Copies between local file systems are a daily activity. Files are constantly being moved to locations accessible by systems with different functions and/or storage limits, being backed up and restored, or being moved due to upgraded and/or replaced hardware. Hence, maximizing the performance of copies as well as checksums that ensure the integrity of copies is desirable to minimize the turnaround time of user and administrator activities. Modern parallel file systems provide very high performance for such operations using a variety of techniques such as striping files across multiple disks to increase aggregate I/O bandwidth and spreading disks across multiple servers to increase aggregate interconnect bandwidth.
To achieve peak performance from such systems, it is typically necessary to utilize multiple concurrent readers/writers from multiple systems to overcome various single-system limitations such as number of processors and network bandwidth. The standard cp and md5sum tools of GNU coreutils found on every modern Unix/Linux system, however, utilize a single execution thread on a single CPU core of a single system, hence cannot take full advantage of the increased performance of clustered file systems.

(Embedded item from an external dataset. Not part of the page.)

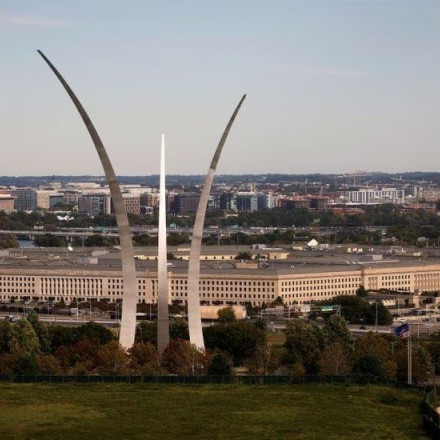 Πεντάγωνο - διαρροή εγγράφων: Οι ΗΠΑ αναζητούν το "βαθύ λαρύγγι"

Mcp and msum are drop-in replacements for cp and md5sum that utilize multiple types of parallelism to achieve maximum copy and checksum performance on clustered file systems. Multi-threading is used to ensure that nodes are kept as busy as possible. Read/write parallelism allows individual operations of a single copy to be overlapped using asynchronous I/ O. Multi-node cooperation allows different nodes to take part in the same copy /checksum. Split file processing allows multiple threads to operate concurrently on the same file. Finally, hash trees allow inherently serial checksums to be performed in parallel.